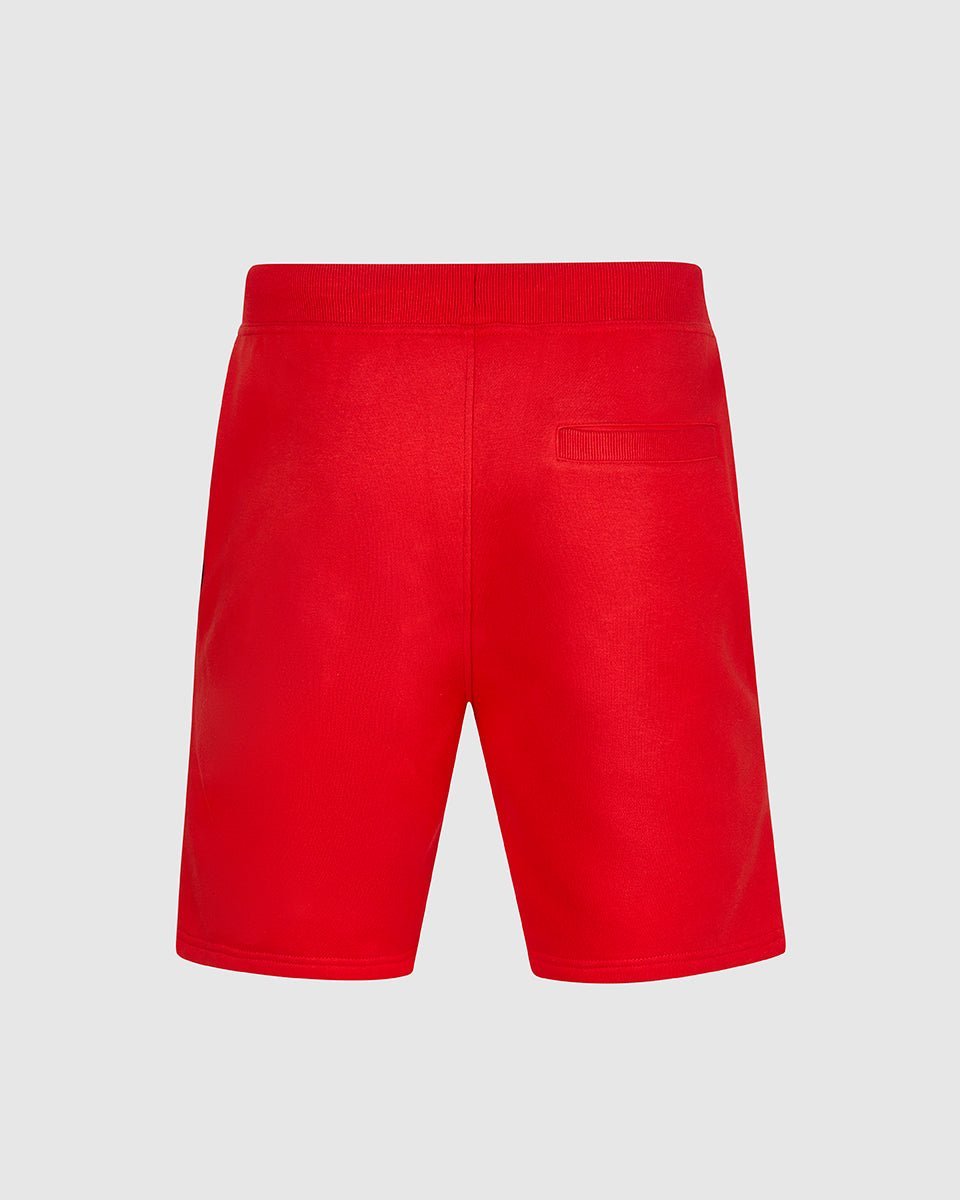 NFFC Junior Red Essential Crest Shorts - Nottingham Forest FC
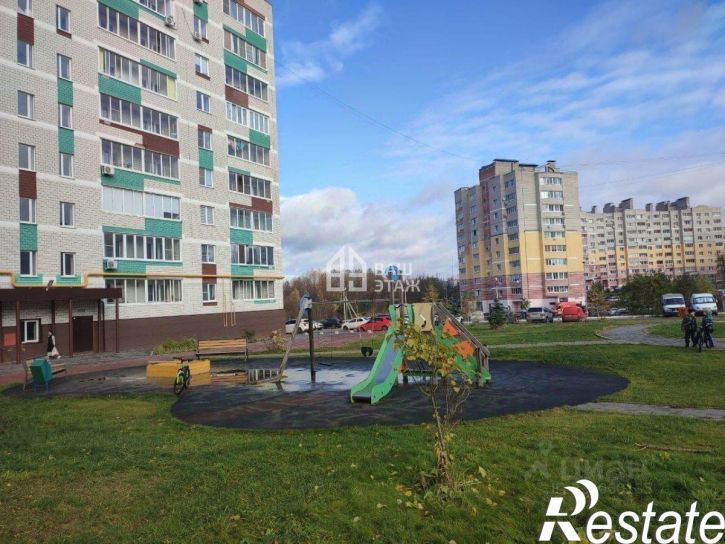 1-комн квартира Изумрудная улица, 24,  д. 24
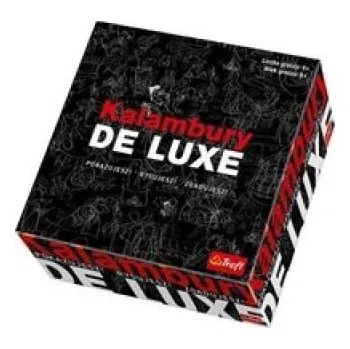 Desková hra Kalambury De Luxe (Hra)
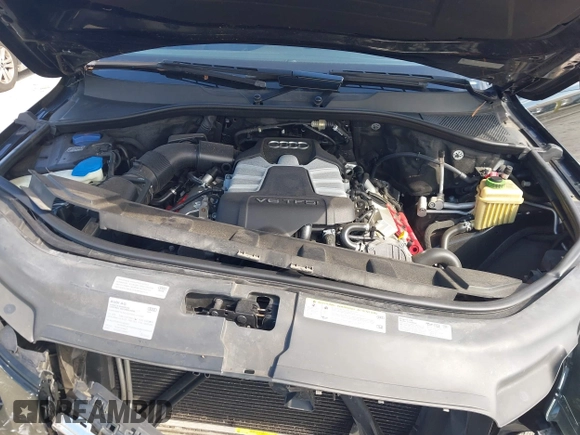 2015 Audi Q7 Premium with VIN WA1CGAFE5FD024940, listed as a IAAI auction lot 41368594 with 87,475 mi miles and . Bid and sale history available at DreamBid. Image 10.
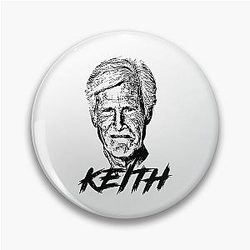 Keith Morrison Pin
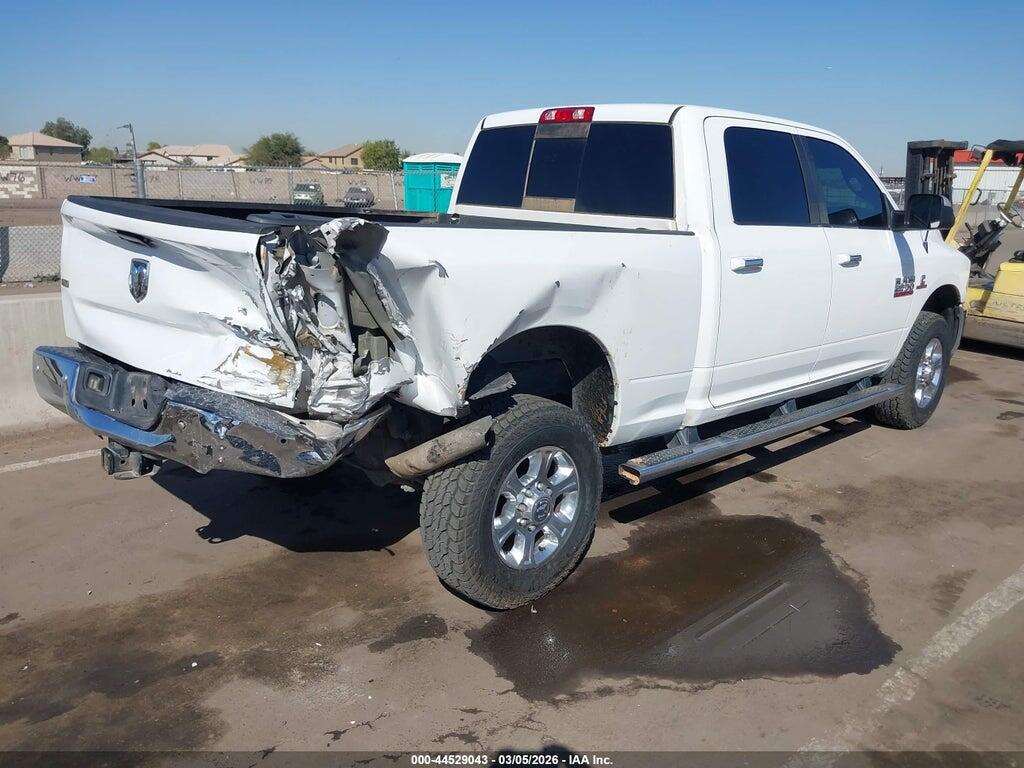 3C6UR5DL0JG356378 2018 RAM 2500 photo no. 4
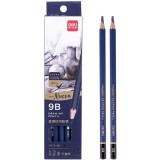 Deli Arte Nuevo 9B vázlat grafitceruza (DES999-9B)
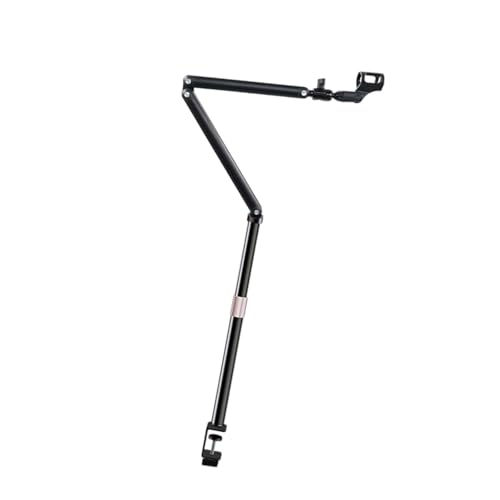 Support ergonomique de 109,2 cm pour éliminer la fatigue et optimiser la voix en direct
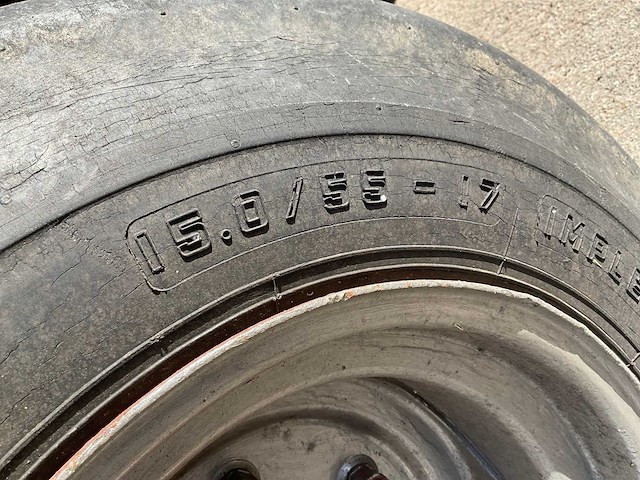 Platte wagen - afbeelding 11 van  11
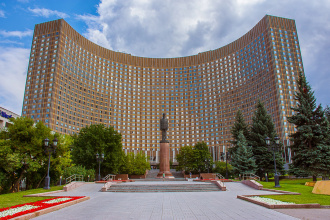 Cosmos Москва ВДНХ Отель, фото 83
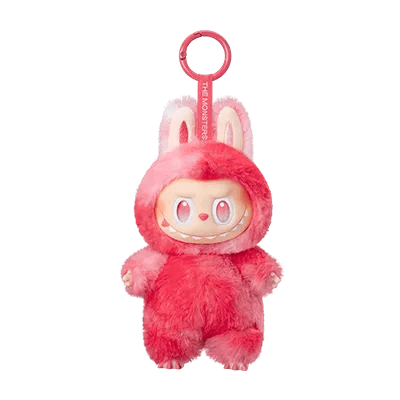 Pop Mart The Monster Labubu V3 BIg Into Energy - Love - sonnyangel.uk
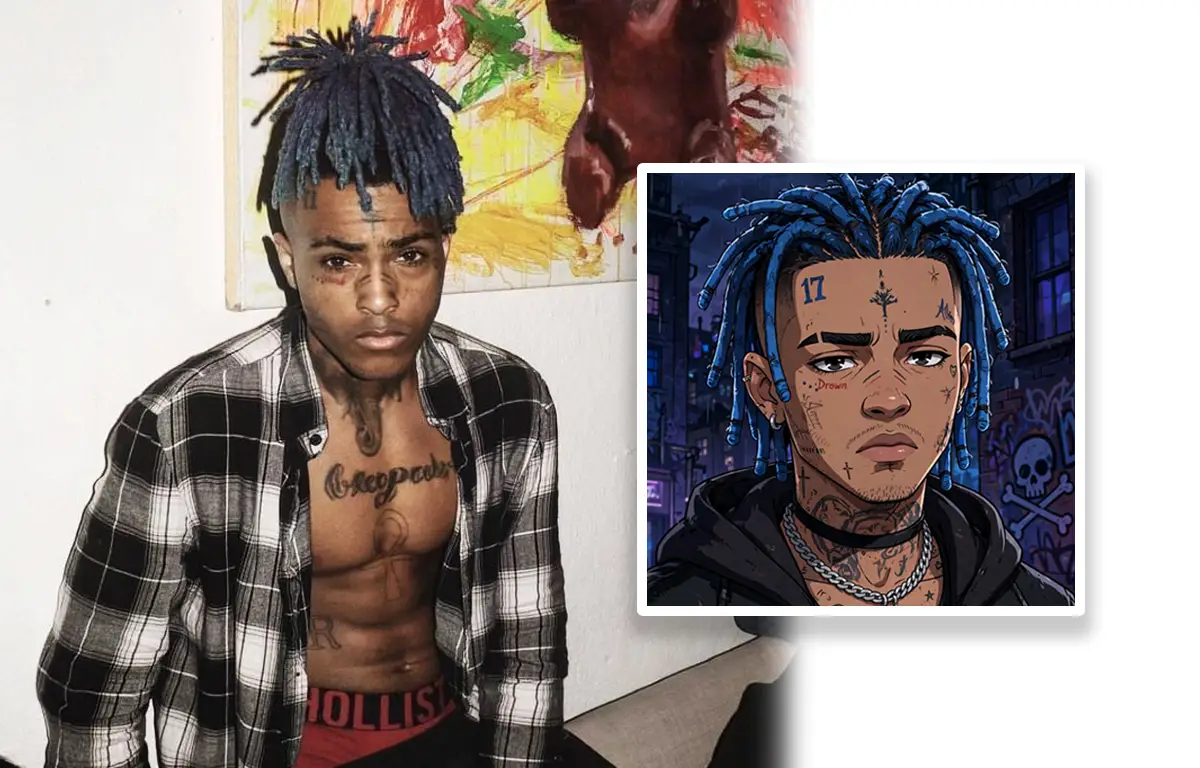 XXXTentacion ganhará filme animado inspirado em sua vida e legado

Task instructions
The exact lines from the beginning of the data through the one that contains "3C6UR5DL0JG356378 2018 RAM 2500 photo no. 4" must be given again, both ends included, and pictures must be left out.

Response to the exercise
 NFFC Junior Red Essential Crest Shorts - Nottingham Forest FC
 1-комн квартира Изумрудная улица, 24,  д. 24
 Desková hra Kalambury De Luxe (Hra)
 2015 Audi Q7 Premium with VIN WA1CGAFE5FD024940, listed as a IAAI auction lot 41368594 with 87,475 mi miles and . Bid and sale history available at DreamBid. Image 10.
 Keith Morrison Pin
 3C6UR5DL0JG356378 2018 RAM 2500 photo no. 4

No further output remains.